Space Brats
In the latest installment and continuing
banal saga of our priggish, incompetent, and silk swaddled space
hero, 'Rusting Scrap', we find him totally frustrated and peevish,
seething in squid-like anger at the obnoxious and sniveling clump
of pre-pubescent worshiping syncophants thwarting his every effort
to save the universe with graceless fortuity. He is finally driven
to launch them spaceward on flaming lawn darts where they land
on a planet lately inhabited by Pearl and her cohorts in nefarious
scientific atrocities.
One look at this pulsating clot of brats, shrill with witless
drivel, driven by a clumsy esprit de corps, tells Pearl she has
met her match, and she has the presence of mind to peal out for
the Club Medusa galaxy where she can watch Agar tapes and swill
Bud by the keg. Bobo, not quite as agile, is abducted and pressed
into service as a landlocked leviathan suitable for harpooning
who can escape only by disguising himself as a jumbo hairball.
This leaves Brain Guy who, totally averse to humanity at any stage
of evolution, as the only logical babysitter, to which he demurs
heartily, but not fast enough before finding his brain ogled like
a blueberry snow-cone and himself catapulted about like a box
kite, with only enough psychokinetic energy left to beam the little
varmints aboard the Satellite of Love. And so our story begins.......

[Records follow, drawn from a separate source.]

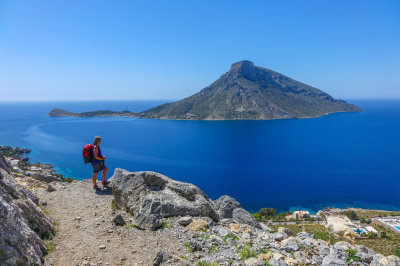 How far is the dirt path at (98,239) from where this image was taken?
669 cm

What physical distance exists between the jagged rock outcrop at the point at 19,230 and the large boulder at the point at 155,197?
130 inches

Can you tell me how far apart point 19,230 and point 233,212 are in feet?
34.7

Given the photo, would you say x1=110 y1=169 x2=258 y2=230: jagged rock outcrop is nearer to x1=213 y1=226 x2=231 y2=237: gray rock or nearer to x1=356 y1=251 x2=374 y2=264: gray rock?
x1=213 y1=226 x2=231 y2=237: gray rock

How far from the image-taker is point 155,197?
10.2 metres

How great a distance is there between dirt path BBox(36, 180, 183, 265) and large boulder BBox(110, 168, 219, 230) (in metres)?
0.68

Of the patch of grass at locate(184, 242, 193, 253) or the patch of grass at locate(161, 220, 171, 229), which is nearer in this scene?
the patch of grass at locate(184, 242, 193, 253)

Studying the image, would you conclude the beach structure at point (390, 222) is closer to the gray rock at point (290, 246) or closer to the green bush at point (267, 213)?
the green bush at point (267, 213)

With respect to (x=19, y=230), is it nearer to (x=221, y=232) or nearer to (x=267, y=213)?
(x=221, y=232)

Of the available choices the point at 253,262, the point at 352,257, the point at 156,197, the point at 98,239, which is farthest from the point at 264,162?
the point at 98,239

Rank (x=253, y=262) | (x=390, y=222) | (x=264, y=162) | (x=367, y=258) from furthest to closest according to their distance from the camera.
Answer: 1. (x=264, y=162)
2. (x=390, y=222)
3. (x=367, y=258)
4. (x=253, y=262)

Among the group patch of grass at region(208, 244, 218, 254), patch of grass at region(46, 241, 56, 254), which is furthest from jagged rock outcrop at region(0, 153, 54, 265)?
patch of grass at region(208, 244, 218, 254)

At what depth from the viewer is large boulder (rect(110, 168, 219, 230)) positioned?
9797 mm

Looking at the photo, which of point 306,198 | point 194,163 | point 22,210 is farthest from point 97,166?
point 194,163

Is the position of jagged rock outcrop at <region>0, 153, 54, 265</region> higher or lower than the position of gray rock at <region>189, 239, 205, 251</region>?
higher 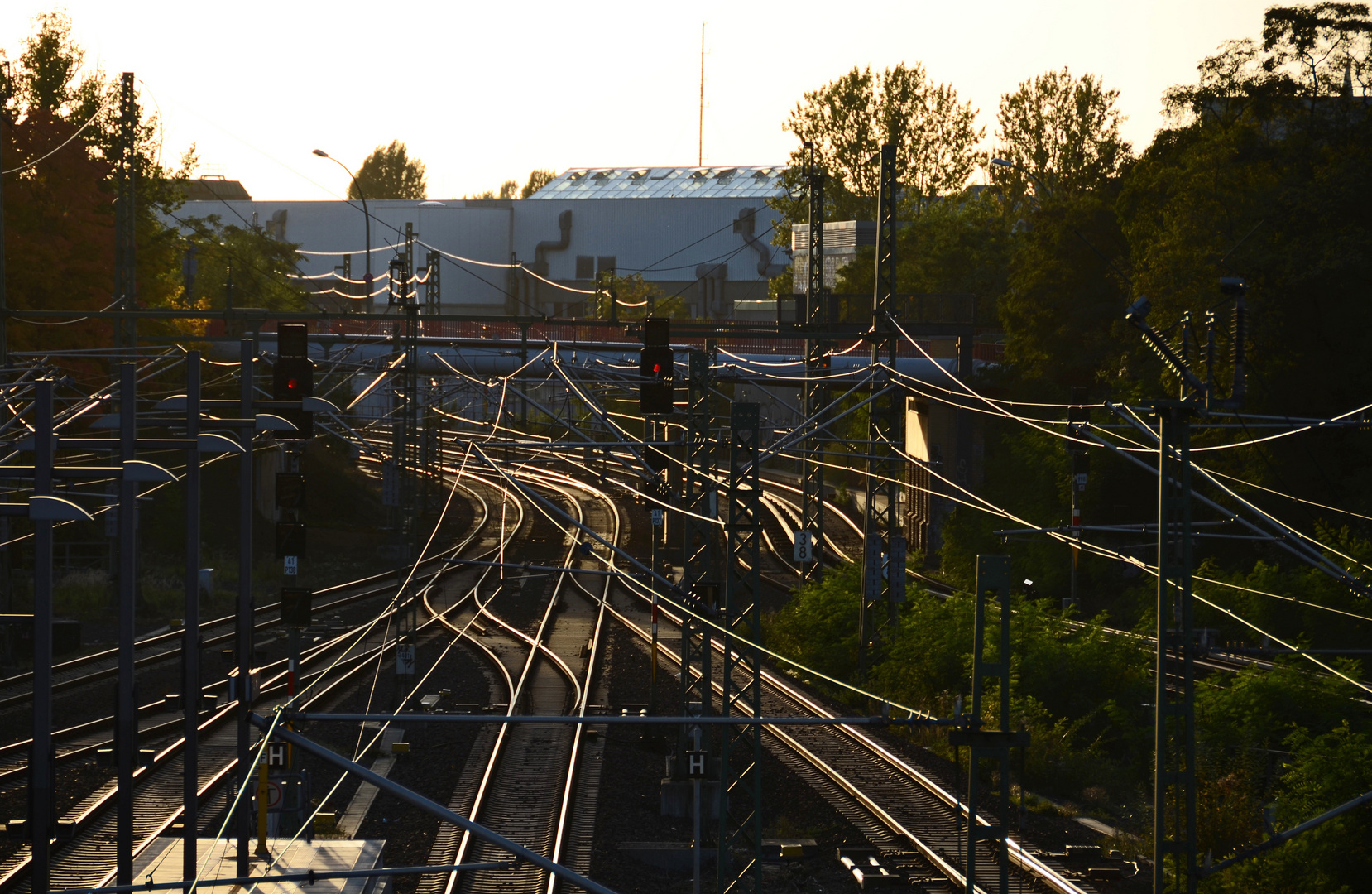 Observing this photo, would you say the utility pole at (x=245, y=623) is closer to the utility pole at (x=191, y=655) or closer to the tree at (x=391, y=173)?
the utility pole at (x=191, y=655)

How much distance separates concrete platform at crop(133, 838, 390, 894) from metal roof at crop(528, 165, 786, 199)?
242 feet

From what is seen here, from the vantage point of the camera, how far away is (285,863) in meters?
13.2

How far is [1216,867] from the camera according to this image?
33.6 feet

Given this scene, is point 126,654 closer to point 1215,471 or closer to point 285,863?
point 285,863

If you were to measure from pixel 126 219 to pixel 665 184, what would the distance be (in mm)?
66141

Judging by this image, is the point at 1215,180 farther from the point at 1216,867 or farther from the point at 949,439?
the point at 1216,867

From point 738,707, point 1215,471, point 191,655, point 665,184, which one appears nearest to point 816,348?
point 1215,471

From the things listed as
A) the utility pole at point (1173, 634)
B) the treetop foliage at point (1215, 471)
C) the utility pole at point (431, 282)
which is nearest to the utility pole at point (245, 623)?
the utility pole at point (1173, 634)

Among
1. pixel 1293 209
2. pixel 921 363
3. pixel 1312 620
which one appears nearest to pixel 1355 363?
pixel 1293 209

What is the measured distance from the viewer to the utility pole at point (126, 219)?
→ 1033 inches

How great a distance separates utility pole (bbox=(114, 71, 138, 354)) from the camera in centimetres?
2623

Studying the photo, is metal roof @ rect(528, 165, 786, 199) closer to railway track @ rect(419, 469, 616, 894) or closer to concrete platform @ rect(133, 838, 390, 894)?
railway track @ rect(419, 469, 616, 894)

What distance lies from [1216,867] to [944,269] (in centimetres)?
4515

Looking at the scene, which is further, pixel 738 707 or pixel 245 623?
pixel 738 707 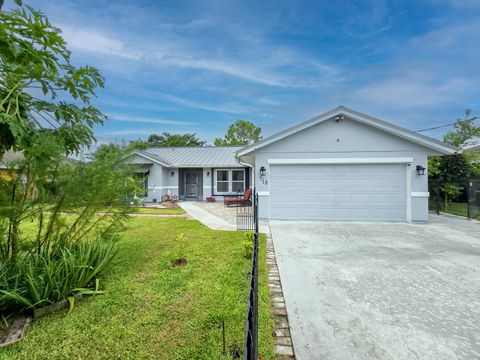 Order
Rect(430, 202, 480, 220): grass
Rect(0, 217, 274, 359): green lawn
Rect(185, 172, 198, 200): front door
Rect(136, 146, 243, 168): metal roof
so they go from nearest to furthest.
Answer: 1. Rect(0, 217, 274, 359): green lawn
2. Rect(430, 202, 480, 220): grass
3. Rect(136, 146, 243, 168): metal roof
4. Rect(185, 172, 198, 200): front door

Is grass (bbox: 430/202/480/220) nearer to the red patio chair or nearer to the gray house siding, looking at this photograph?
the gray house siding

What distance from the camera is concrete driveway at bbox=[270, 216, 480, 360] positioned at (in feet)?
8.55

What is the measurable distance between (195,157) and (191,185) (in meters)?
2.41

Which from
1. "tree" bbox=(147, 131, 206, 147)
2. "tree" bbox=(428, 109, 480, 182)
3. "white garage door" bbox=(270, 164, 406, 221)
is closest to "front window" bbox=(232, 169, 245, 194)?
"white garage door" bbox=(270, 164, 406, 221)

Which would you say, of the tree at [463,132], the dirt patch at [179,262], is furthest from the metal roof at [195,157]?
the tree at [463,132]

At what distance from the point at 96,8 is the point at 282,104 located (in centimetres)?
1892

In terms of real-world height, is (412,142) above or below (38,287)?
above

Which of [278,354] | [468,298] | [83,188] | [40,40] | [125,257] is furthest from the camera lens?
[125,257]

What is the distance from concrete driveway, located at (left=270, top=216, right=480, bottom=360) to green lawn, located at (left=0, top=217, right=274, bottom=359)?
23.5 inches

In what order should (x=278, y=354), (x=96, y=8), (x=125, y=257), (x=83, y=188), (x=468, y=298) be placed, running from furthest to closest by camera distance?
(x=96, y=8) → (x=125, y=257) → (x=83, y=188) → (x=468, y=298) → (x=278, y=354)

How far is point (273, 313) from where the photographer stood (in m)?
3.26

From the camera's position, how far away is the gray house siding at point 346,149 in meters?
9.64

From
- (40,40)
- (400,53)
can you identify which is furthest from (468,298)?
(400,53)

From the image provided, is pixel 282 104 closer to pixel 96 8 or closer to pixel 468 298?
pixel 96 8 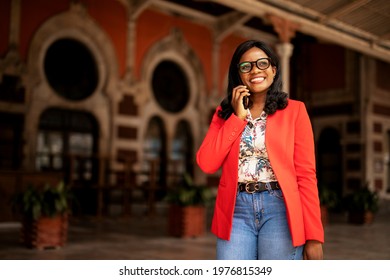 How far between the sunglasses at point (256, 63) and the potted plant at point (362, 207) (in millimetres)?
9662

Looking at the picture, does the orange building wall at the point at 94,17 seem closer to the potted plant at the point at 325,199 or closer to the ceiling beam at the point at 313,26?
the ceiling beam at the point at 313,26

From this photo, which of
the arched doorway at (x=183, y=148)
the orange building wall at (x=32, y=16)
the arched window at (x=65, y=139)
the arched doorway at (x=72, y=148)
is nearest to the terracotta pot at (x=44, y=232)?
the arched doorway at (x=72, y=148)

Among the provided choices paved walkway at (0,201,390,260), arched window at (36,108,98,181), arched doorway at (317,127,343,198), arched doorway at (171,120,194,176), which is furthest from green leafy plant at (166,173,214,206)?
arched doorway at (317,127,343,198)

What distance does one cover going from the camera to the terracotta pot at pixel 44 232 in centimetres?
608

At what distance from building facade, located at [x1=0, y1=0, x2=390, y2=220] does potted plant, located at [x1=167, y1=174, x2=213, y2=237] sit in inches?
111

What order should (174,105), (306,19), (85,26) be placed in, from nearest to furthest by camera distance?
1. (306,19)
2. (85,26)
3. (174,105)

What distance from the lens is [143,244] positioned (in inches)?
267

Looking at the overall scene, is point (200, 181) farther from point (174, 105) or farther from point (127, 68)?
point (127, 68)

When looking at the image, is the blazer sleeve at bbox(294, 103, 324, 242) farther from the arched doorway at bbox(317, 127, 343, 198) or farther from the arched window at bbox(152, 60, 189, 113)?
the arched doorway at bbox(317, 127, 343, 198)

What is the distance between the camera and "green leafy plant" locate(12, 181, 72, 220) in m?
6.10

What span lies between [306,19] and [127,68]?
226 inches

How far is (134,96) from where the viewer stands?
1253cm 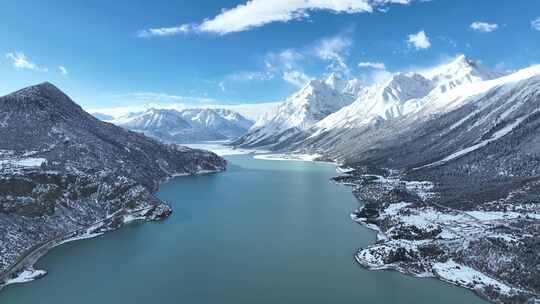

You can imagine the reception given to these unusual and somewhat
disturbing little gnomes. Servo performs introductions all around,
Mike offers a manly greeting, Cambot records for posterity, while
Gypsy, her maternal instincts animated, immediately begins chortling
with glee. However, all this effusive greeting serves only to
assure the little monsters that they are in no immediate danger,
and they then proceed to loot and pillage at will.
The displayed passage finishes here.